As Verleger said in his report looking at recent history, the “golden age” of refining from 2004 to 2008 had an average 3:2:1 spread of about $12/barrel. From 2019 to 2019, it was about $11/b. And this year, it’s been about $8/b.


This sort of movement has an ultimate impact on the price of diesel at the pump. While the price of diesel will always be mostly a function of the price of crude, diesel’s spot market spread against crude is a significant factor as well. It can be thought of as the “final mile” to get to the wholesale and retail price.  

And that spread has been weak for months. That weakness is a contributing factor to that decline in the 3:2:1 spread cited by Verleger. Looking at the spread between global crude oil benchmark Brent and ULSD on the CME commodity exchange, it recently has climbed and sustained itself above $8/b for the first time in months. But in the past few months, it also has been below $5 on several days. 

The spread a year ago? It was more than $19. For all of 2019, it averaged more than $17/b.

The weakness in diesel and the overall softness in crude recently helped drop the DOE/EIA weekly retail diesel price, the basis for most fuel surcharges, to $2.372/gallon, the lowest since August 2016. 

All of this adds up to a market for refining that is contributing to refinery owners deciding to cut back on their capacity. Refineries do close every so often. But an Energy Information Administration list of closures over the years shows that what has happened already, and what is likely to continue happening, is nothing on the scale of the shutdowns that Nibley projects.

The 2.5 million b/d refinery cut in North America that Nibley predicted comes in a region that has what are considered to be the most complex refineries and therefore the ones with the better cost structure to get through tough times. Yet Nibley still projected big cuts. 

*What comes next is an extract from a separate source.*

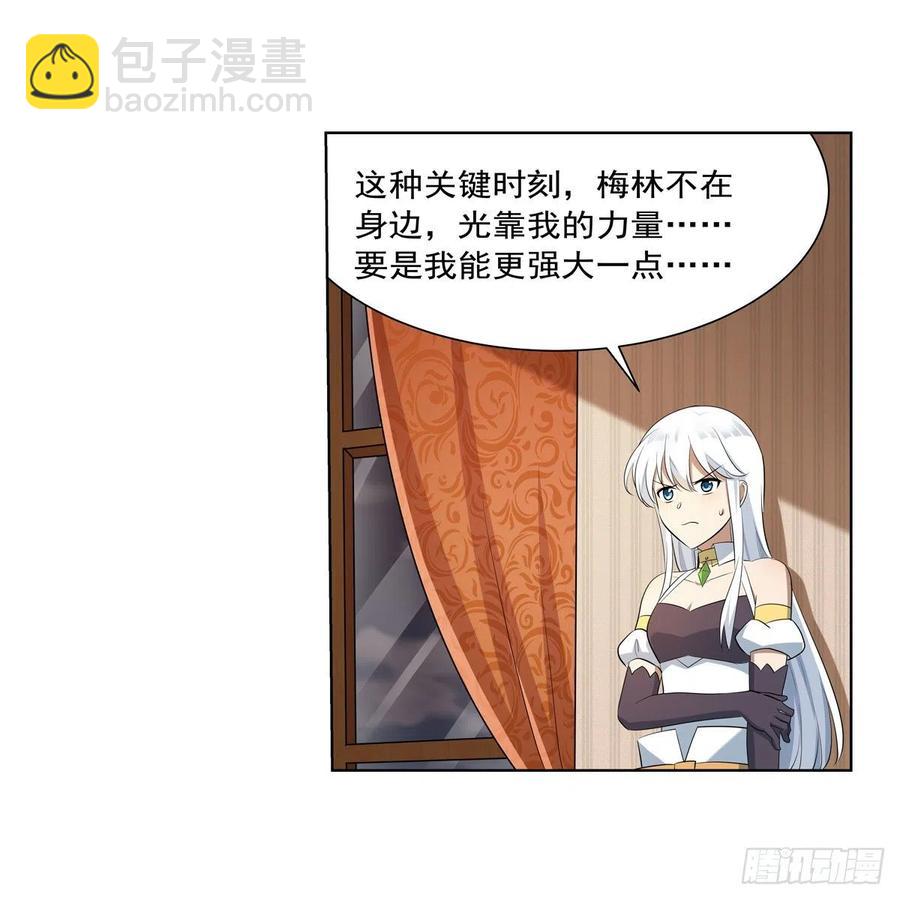 第262话 极光龙髓晶(1/2)-第265话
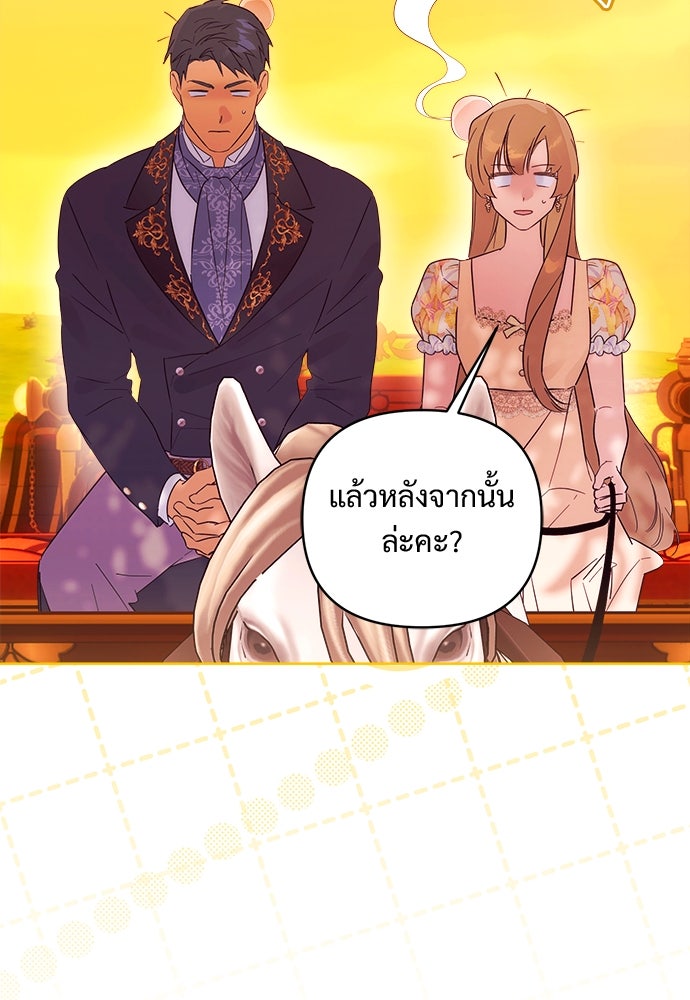 ไรอันที่รัก - หน้า 13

Where other cuts would come from would be less complex refineries elsewhere in the world and the U.S. On the recent conference call for Phillips 66, Bob Herman, executive vice president for refining, said that between Europe and the U.S., the refineries “run the gamut between really strong and there’s some maybe some weaker assets out there,” according to a transcript of the call supplied by SeekingAlpha.

“There will be assets that will continue to rationalize out of this, and you’ve seen it on both the East Coast and the West Coast, and no doubt, some of the maybe landlocked players,” Herman added. “As time goes on here, we’ll have difficulties as crude (differentials) remain squeezed in the U.S.”


The irony is that even as refiners are talking shutdowns, there have been signs that the weak diesel market may have hit a bottom. Price reporting agencies like S&P Global Platts and Petroleum Argus both reported significant increases in the benchmark spread between diesel in the U.S. Gulf Coast and the ULSD price on CME, a key indicator of physical strength. Combine that with gains on the ULSD CME price and it has sent the wholesale rack price of ULSD in Houston up about 10 cents/gallon over the last few days.

The latest weekly inventory reports showed a particularly large drop in ULSD inventories in PADD 3, which includes the Gulf Coast, down about 10 million barrels in just five weeks. That’s a big decline as refiners have finally been able to slow down their output and get stocks closer to historic norms. They have been historically high nationally by some standards.

Regardless, the fate of a lot of refineries in the U.S. seems clear — they will close. That will be offset to some degree by the production of renewable diesel, but that capacity isn’t even going to be 100,000 b/d anytime soon. Meanwhile, if North America loses 2.5 million b/d of total capacity, and we assume one-third of that is distillate output, that is more than 800,000 b/d. That is a big number that renewable diesel won’t be filling.